Coral reefs: Supporting livelihoods

The Caribbean's unmatched beauty, unique biodiversity and rich culture are world reknown. The clear turquoise waters are home to over 700 islands, ranging from small cays to large nations, and it's iconic maze of coral reefs make up to 10 per cent of the world's total reef area. 

With forty three million people living within 30 kilometres of a coral reef it is the interconnectedness of species and habitats that make reefs central to the identity, wellbeing and economic prosperity of the people of the Caribbean.  In some countries, especially poorer nations, people are directly dependent on coral reefs for food and employment.  Generating over $4 billion dollars to the region each year, coral reefs protect the shoreline, provide a home to a huge number plants and marine creatures, and are a major tourism attraction to visitors who come to wonder at some of the world’s most vibrant and diverse coral formations.  

Risks to the reefs

Like all reefs worldwide, Caribbean coral reefs are under unprecedented pressure from unsustainable fishing, pollution and coastal development.
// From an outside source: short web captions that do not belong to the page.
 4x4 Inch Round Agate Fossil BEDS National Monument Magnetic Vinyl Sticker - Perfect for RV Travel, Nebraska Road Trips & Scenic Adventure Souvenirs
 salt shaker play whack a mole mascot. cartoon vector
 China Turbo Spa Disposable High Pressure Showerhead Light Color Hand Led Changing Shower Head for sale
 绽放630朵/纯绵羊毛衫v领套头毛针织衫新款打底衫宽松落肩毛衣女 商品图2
Combined with global climate change and ocean acidification, these pressures present a catastrophic threat to the iconic marine ecosystems and the communities and industries that depend on them.
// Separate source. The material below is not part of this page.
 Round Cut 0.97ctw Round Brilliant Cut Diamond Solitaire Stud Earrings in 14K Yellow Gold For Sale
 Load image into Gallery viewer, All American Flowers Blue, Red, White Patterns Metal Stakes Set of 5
Understanding these risks, and finding strategies to deal with them, is crucial to the sustainable development of the Caribbean region.  Reducing local pressures is a key way to increase the resilience of coral reefs to climate change. 

How we can help

The Australia Caribbean Coral Reef Collaboration brings together experts and officials from Australia and the Caribbean to develop and demonstrate strategies for reducing the vulnerability of coral reefs to climate change and building the resilience of reef-dependent communities and industries.  Australia, home to the largest barrier reef system in the world, is uniquely placed to share valuable expertise and knowledge that will assist CARICOM member countries to make a real difference to the marine environment.   
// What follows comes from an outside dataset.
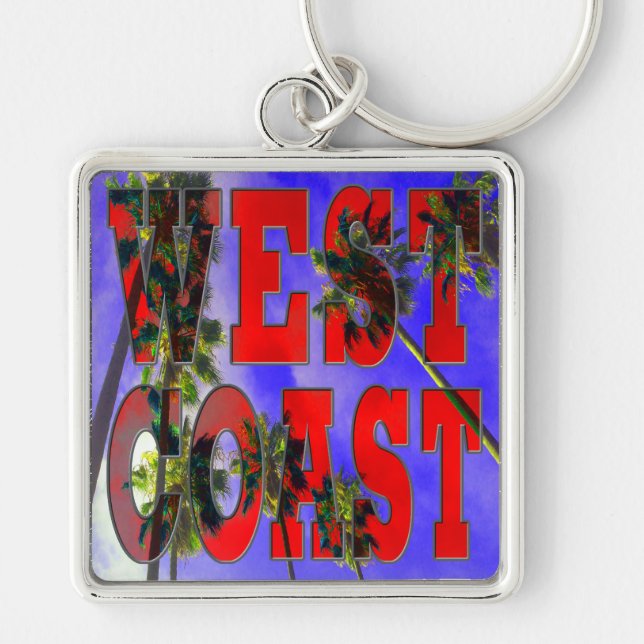 "Palm Sky: West Coast" Keychain (Front)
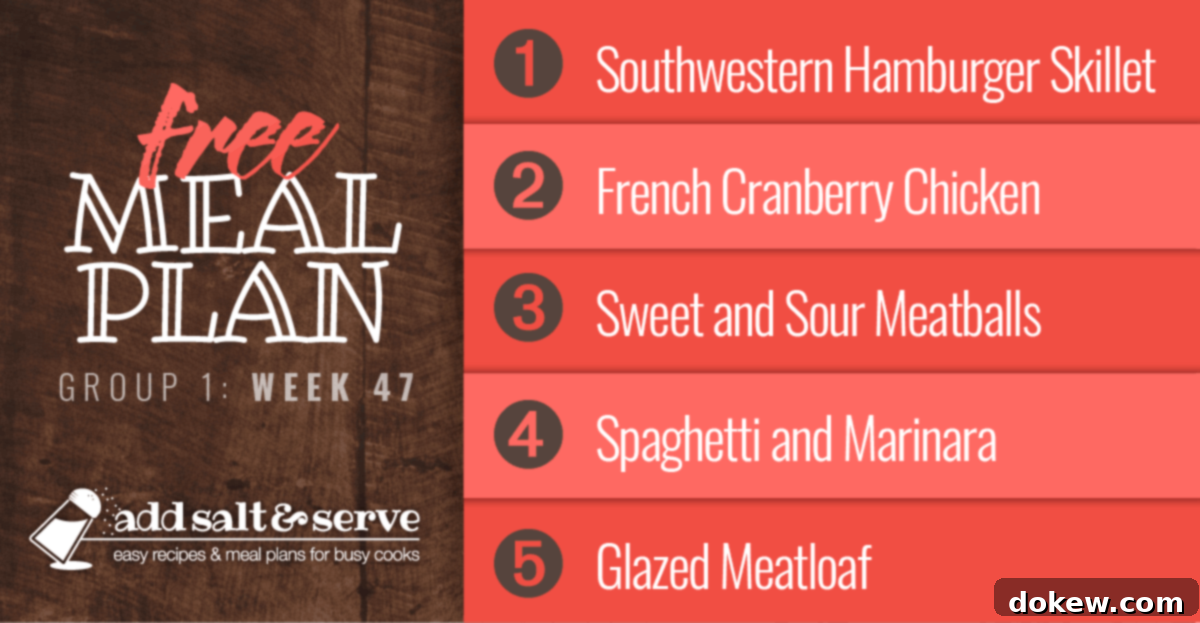 Group 1's Culinary Guide: Week 47 2 Meal Plan for Week 47 (Group 1): Southwestern Hamburger Skillet, French Cranberry Chicken, Sweet and Sour Meatballs, Crockpot Marinara over Pasta, Glazed Meatloaf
The program partners are working together on a Regional Plan of Action for coral reef management, including policy responses and practical actions.  The Plan of Action draws upon national overviews and presents a regional vision for building resilience of coral reefs to climate change.  It identifies key priorities for national and international action;  a number of collaborative projects are already being implemented under the Collaboration to address several priority issues.